En outre, en raison de son taux de prélèvements obligatoires déjà très élevé, la France est privée de l’option qui aurait pu consister à augmenter les impôts. Pas de marge de manœuvre et un chômage qui ne cesse de grimper. Or, l’emploi n'est pas prêt de repartir puisque l'on s'accorde à considérer qu'en deca de 1,5 à 2% de croissance l'économie détruit des emplois. Le cercle vicieux semble donc bouclé.
Si le paysage est sombre, la situation n'est pas désespérée. Elle appelle "simplement" à renverser la table, à changer de paradigme.
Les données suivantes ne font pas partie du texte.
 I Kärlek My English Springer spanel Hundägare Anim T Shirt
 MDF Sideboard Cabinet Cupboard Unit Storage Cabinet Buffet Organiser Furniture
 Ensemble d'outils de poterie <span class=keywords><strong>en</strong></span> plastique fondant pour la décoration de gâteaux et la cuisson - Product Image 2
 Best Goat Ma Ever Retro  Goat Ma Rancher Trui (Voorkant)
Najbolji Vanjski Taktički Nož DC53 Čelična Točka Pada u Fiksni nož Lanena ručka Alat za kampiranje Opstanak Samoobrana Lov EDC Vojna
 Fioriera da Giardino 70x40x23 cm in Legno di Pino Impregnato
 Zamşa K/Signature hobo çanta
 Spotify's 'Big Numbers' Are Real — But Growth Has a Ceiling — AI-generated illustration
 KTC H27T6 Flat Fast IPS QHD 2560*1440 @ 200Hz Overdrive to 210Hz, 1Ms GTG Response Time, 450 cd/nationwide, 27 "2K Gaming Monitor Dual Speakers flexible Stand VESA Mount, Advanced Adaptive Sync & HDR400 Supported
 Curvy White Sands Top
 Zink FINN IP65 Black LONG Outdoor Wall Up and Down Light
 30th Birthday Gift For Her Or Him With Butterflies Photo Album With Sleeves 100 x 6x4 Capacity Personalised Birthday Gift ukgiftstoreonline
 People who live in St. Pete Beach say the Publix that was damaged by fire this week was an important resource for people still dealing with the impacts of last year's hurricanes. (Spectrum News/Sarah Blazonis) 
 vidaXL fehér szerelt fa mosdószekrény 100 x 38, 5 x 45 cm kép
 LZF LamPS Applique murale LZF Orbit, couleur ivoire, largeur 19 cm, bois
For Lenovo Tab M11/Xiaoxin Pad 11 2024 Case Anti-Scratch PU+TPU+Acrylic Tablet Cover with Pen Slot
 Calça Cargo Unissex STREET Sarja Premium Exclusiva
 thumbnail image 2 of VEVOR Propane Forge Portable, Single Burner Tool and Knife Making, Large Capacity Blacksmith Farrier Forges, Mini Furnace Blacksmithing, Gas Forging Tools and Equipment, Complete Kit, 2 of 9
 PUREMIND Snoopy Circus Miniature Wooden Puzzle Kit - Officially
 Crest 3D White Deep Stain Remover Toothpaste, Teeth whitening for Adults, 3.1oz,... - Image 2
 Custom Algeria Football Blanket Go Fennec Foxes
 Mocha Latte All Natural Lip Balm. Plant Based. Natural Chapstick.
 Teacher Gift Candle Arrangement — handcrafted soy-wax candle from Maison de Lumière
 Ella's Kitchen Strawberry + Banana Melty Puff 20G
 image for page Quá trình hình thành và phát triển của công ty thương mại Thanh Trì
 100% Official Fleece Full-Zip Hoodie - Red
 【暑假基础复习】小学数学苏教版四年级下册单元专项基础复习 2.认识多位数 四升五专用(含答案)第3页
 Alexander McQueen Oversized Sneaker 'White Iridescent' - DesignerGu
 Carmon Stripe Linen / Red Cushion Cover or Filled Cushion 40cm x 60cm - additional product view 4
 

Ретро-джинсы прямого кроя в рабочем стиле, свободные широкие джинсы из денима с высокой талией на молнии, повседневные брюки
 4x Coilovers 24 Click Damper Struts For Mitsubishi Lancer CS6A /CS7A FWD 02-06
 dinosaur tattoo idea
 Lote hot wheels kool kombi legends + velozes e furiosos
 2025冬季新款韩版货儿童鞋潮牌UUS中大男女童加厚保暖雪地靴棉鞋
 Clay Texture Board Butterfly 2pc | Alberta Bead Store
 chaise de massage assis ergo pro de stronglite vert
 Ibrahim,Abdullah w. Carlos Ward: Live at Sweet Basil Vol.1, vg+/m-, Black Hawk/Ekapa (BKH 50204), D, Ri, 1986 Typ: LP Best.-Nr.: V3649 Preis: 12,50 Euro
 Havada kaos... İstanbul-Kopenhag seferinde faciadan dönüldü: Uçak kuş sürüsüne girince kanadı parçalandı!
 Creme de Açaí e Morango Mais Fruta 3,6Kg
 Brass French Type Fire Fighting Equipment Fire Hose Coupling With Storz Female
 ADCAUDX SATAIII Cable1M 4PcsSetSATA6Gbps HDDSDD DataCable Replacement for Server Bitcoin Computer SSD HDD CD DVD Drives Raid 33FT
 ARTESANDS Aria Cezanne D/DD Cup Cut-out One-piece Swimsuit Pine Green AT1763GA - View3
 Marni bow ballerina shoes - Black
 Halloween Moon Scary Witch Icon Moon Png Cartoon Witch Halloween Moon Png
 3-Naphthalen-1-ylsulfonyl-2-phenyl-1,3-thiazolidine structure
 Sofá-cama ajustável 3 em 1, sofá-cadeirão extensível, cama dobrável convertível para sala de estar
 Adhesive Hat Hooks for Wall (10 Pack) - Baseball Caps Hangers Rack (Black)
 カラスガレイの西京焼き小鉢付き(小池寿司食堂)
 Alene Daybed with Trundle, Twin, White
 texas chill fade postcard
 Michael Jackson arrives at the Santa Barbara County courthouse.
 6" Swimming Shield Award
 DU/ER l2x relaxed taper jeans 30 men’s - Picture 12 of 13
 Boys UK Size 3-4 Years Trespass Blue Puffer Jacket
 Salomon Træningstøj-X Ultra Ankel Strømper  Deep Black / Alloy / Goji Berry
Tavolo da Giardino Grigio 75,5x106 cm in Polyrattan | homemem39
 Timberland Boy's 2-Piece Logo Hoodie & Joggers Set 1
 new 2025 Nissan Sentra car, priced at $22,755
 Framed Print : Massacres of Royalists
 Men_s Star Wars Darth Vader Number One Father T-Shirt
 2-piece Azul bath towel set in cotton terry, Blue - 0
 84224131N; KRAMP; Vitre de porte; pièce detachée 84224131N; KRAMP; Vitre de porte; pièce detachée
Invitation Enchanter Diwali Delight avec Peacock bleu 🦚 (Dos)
Dans son rapport de mai 2013 sur le grand malaise des classes moyennes, la Fondation Jean Jaurès a bien tenté de faire passer un message très clair. "Si la gauche au gouvernement n'entend pas s'attaquer aux racines du processus de dualisation de la société française (pauvres vs riches) et si les actes qu'elle pose veillent davantage à ne pas froisser les vainqueurs (de la mondialisation) plutôt qu'à améliorer le sort des vaincus, alors, elle creuse le sillon des futurs échecs électoraux".
La Fondation estime que les Français ont bien compris que le pouvoir financier mondialisé domine les États et est en capacité de les faire vaciller. Or, sans État, régulateur, bouclier pour les plus faibles, l'ascenseur social n'a plus de cadre dans lequel fonctionner. Les auteurs du rapport en tirent la conculsion que, "dans ce contexte, si une relative paix sociale subsiste, c'est parace que les perdants de la mondialisation se font la guerre entre eux : les boucs-émissaires sont recherchés plus bas que soi".
Cette analyse rejoint celle du Collectif Roosevelt 2012 mais aussi d'intellectuels de gauche qui appellent à lutter contre les paradis fiscaux et l'impunité des marchés financiers, premier pas vers un nouveau modèle de développement déconnecté d’une chimérique croissance qui repose sur un consumérisme planétaire débridé.